### INFORMATION SUPPLIED
__________
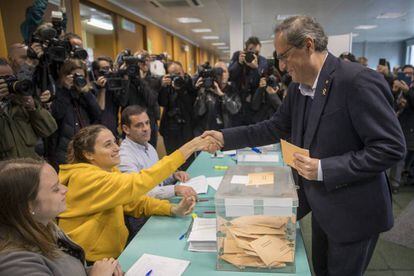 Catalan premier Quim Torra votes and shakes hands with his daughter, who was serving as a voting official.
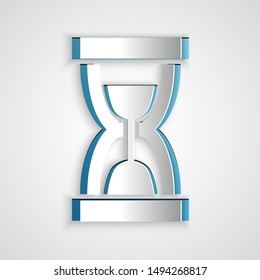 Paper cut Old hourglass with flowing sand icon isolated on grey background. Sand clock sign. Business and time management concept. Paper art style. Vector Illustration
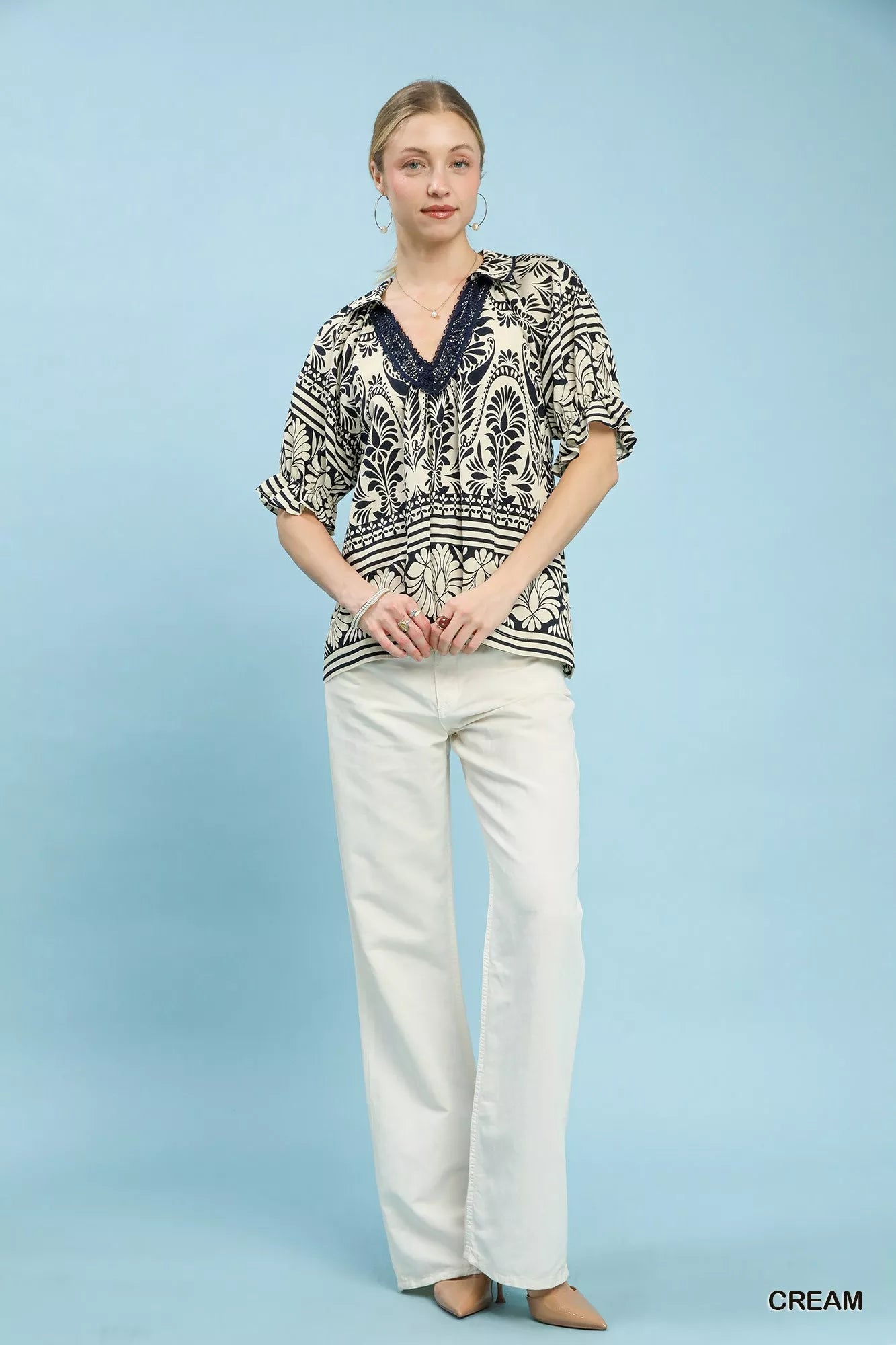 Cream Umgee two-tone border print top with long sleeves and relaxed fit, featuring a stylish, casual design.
__________
### DIRECTIONS FOR THIS TASK
Starting with the line that contains "Paper cut Old", reproduce every line to the end of the material above, both end lines included, exactly and with no pictures.

### ANSWER TO THE EXERCISE
 Paper cut Old hourglass with flowing sand icon isolated on grey background. Sand clock sign. Business and time management concept. Paper art style. Vector Illustration
 Cream Umgee two-tone border print top with long sleeves and relaxed fit, featuring a stylish, casual design.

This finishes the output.